Il y a aujourd'hui, je pense, bien des auteurs chez lesquels on peut deviner l'influence de Pierre Michon, au premier rang desquels, bien sûr, Marie-Hélène Lafon, qui a elle aussi écrit sur la vie paysanne, ou également Anne-Marie Garat ou même, d'une certaine manière, Jean-Baptiste Del Amo. Des auteurs qui s'inscrivent dans une lignée particulière, celle des belles lettres, d'une écriture exigente, alors que le sujet choisi est "simple" dans la hiérarchie sociale, comme le dit Michon, et c'est un aspect qui me frappe, le fait que l'écriture la plus délicate, la plus travaillée, raconte la vie des humbles, de ceux qui longtemps ont été exclus de la littérature, qui ne leur était pas destinée.
Je suis donc ravie d'avoir comblé cette lacune, et entend bien poursuivre dans ma lancée en lisant d'autres oeuvres de Pierre Michon, tout en gardant en tête qu'il vaut mieux, donc, se réserver un moment de calme pour bien lire l'auteur, qui s'apprécie mal autrement.
Pour vous si...
- Vous êtes amateur de belles lettres ;
- Vous n'êtes pas du genre lecteur pressé.
Morceaux choisis
"L'enfant écoute, répète craintivement d'abord, puis avec complaisance. Il ne sait pas encore qu'à ceux de sa classe ou de son espèce, nés plus près de la terre et plus prompts à y basculer derechef, la Belle Langue ne donne pas la grandeur, mais la nostalgie et le désir de la grandeur. Il cesse d'appartenir à l'instnat, le sel des heures se dilue, et dans l'agonie du passé qui toujours commence, l'avenir se lève et aussitôt se met à courir."

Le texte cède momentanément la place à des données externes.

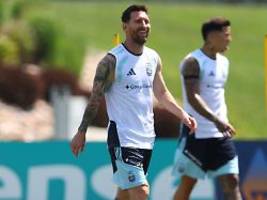 ikonen im kampf gegen die zeit: warum ronaldo untergeht – und messi brilliert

"Elle savait que, comme tous ceux qu'on n'appelle "parvenus" que parce qu'ils ne parviennent pas davantage à faire oublier leurs origines à autrui qu'à eux-mêmes, et qui sont des pauvres exilés chez les riches sans espoir de retour, Dufourneau avait sans doute été d'autant plus impitoyable envers les humbles qu'il se défendait de reconnaître en eux l'image de ce qu'il n'avait jamais cessé d'être."